2
$\begingroup$

Consider the following polynomial:

expr = (1 + a[x] + c[x, aa] + c[x, aa] da[x, aa] + 
 da[x, aa]*da[x, aa] + 
 dc[x, aa, bb]*da[x, cc]*da[x, bb]*eps[aa, bb, cc, dd])^3 // 

Expand

Among all the terms, I want to leave only those which contain exactly three a[x] or da[x,yy_] and one c or dc[x,yy_,zz_]; it is okay if they have eps[aa,bb,cc,dd]. At least one of the terms from expr matching these requirements is 3 a[x]^2 c[x, aa] da[x, aa].

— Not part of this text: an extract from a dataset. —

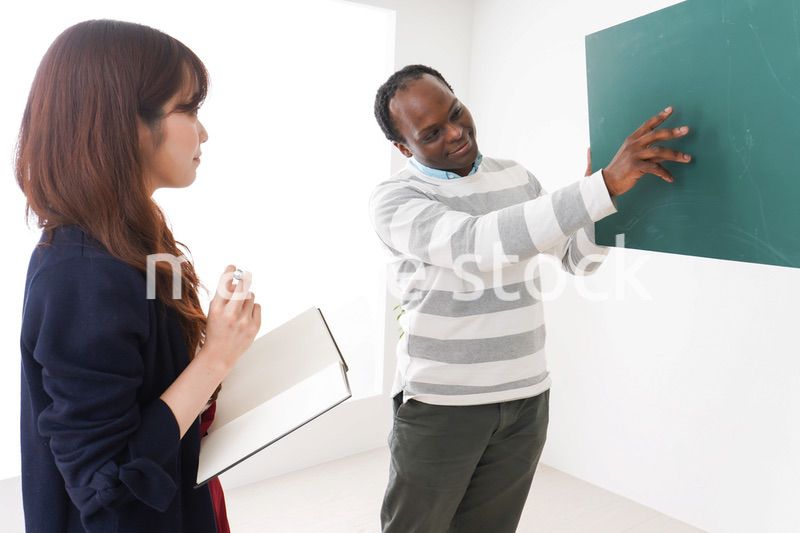 ネイティブの教師から授業を受ける女性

Could you please tell me if this is possible in a more or less efficient way in Mathematica (in my realistic example, I deal with thousands of terms)?

Edit

This is my ugly realization. It uses the following answer:

ruleFixedPower[expr_, field_, dfield_, n_] := (Normal@
     Series[expr /. {factor : 
          field[x] | field[x, a_] | dfield[x, a_] | 
           dfield[x, a_, b_] :> factor*$T}, {$T, 0, n}] /. {$T -> 
      1}) - (Normal@
     Series[expr /. {factor : 
          field[x] | field[x, a_] | dfield[x, a_] | 
           dfield[x, a_, b_] :> factor*$T}, {$T, 0, 
       Max[0, n - 1]}] /. {$T -> 1})

Then,

expr1 = ruleFixedPower[expr, a, da, 3];
expr2 = ruleFixedPower[expr1, c, dc, 1]

6 a(x) da(x,bb) da(x,cc) dc(x,aa,bb) eps(aa,bb,cc,dd)+6 a(x) c(x,aa) da(x,aa)^2+3 a(x)^2 c(x,aa) da(x,aa)+6 c(x,aa) da(x,aa)^3

Unfortunately, it is slow as hell for my realistic tasks with many thousands of terms and more than two different structures, the powers of which have to be fixed. I may pre-select to have only the terms with the total degree equal to n, where n is the total degree of the desired output, but still, it is slow.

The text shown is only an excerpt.